A EMPREENDEDORA DA CALÇADA

Dia desses, numa manhã ensolarada, eu caminhava pelas ruas do meu bairro por entre o milagre de ainda conseguir desfrutar de algum esconderijo verde que escapou da especulação imobiliária que arquitecta nosso cinza cenário de concreto em belíssimos arranha céus que encarceram São Paulo e oprimem a vida.

O desmatamento por aqui, de resquícios de Mata Atlântica inclusive, é possível reconhecer a olhos vistos pelos terrenos mais escondidos do bairro, assim, quando menos se espera surge um novo empreendimento das grandes construtoras que detém o verde do mundo, sem que ninguém se mobilize em prol da vida.

De repente eu a avistei ali, uniformizada num avental branco, com sua vasta cabeleira aconchegada numa elegante touca gourmet, a esperar pelos fiéis clientes operários das obras, que nos intervalos do trabalho, ali se encontram diariamente para o café matinal acompanhado dum bolo do dia, naquele em especial ,um de milho recém assado num forno a lenha.

Tudo impecavelmente higienizado.

Ao me aproximar não pude deixar de puxar uma conversinha enquanto eu saboreava o seu dois em um. "Saí da dieta", brinquei com ela.

Foi ali que descobri que há anos ela vive daquele trabalho autônomo e empreendedor que lhe garante um sustento confortável bem acima do que qualquer outro trabalho assalariado lhe garantiria dentro do seu atual grau de instrução.

"Moça, estudar nesse país não dá camisa para ninguém não, preferi estudar minhas receitas de bolo, moça"

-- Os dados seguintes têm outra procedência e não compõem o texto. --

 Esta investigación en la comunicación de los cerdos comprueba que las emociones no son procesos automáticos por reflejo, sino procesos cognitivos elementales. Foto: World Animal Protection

Notei um certo desânimo naquela fala.

Então lhe perguntei se ao menos recolhia a previdência para um futuro mais garantido."ô moça, acorda, aqui não há futuro garantido para o trabalhador, previdência por aqui é só para alguns...então faço a minha poupança!".

"E a fiscalização não te incomoda?"

Não Moça, aqui é quase fim de mundo, mata fechada, só se tiver algum problema de atrapalhar a vizinhança e alguém denunciar.

Meu trabalho é honesto , moça, um cafézinho fresquinho com bolo caseiro, tudo bem limpinho, até a ronda da segurança é minha cliente!".

Acabamos rindo juntas, paguei meu consumo, irrisórios e bem empregados dois reais, e saí dali "lambendo os beiços" de tanta gostosura e certa de que as dificuldades sociais enxergam muito bem a dinâmica dos nosos entornos.

Fiquei a imaginar porque alguém denunciaria aquele trabalho honesto sem sequer denunciar tantas árvores que vêm abaixo todos os dias em nome da especulação imobiliária que implode São Paulo.

O trabalho...algo tão essencial quanto a própria vida seca daqui.